Door ds. Henk Poot
Een gedeelte wat mij bezig houdt is Romeinen 8. Het is een prachtig hoofdstuk met als hoogtepunt de vraag wie nu nog een beschuldiging kan inbrengen tegen de uitverkorenen van God, nu Christus voor de zonden gestorven is en aan de rechterhand van God voor ons pleit. Wat me aan het denken heeft gezet is dat Paulus hier teruggrijpt op gedeelten uit de Psalmen en Jesaja, bekende verzen voor zijn volk. Ik heb me afgevraagd of Romeinen 8 iets te maken zou kunnen hebben met de hoofdstukken die daarop volgen en waar de apostel schrijft over het ongeloof van sommige Joden met als grote vraag: heeft God Zijn volk soms verworpen?

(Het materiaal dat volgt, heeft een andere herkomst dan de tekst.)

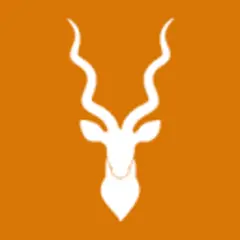 Kudu FM logo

Is Romeinen 8 met zijn enorme zekerheid soms al een antwoord op wat hij daar aan de orde stelt? Gaat het hier misschien in de eerste plaats om Israël?
Weg van lijden
En gaat het dan ook in het gedeelte ervoor soms over Israël? ‘Want hen die Hij tevoren gekend heeft, heeft Hij er ook van tevoren toe bestemd om aan het beeld van Zijn Zoon gelijkvormig te zijn’ (vers 29). God heeft Israël immers te voren gekend! En wat betekent dat dan? Betekent dat gelijkvormig zijn aan Christus? Heerlijkheid? Dat zeker, maar het betekent toch ook de weg van het lijden. Gaat Israël in de geschiedenis de weg van haar Messias? Miskend als het hoofd van de volkeren, verguisd, geslagen, voor het gerecht gedaagd en uiteindelijk gedood. Voorziet Paulus dát? Jesaja 25, het mooie hoofdstuk over de komst van het Koninkrijk zegt dat dan eindelijk de smaad van Israël zal worden weggedaan van heel de aarde. Die is er dus tot aan het einde geweest.
Weg van verwerping
De weg van het Joodse volk is een weg van verwerping. Voor ons echter is het zaak om daarbij niet toe te kijken, maar om Israël nabij te zijn en het onze liefde te tonen en de leugens te weerspreken. Toen Jezus de Via Dolorosa doorliep, waren wij er niet bij. Maar als we ons nu toekeren tot Zijn volk, zal Hij zeggen dat wij het aan Hem hebben gedaan.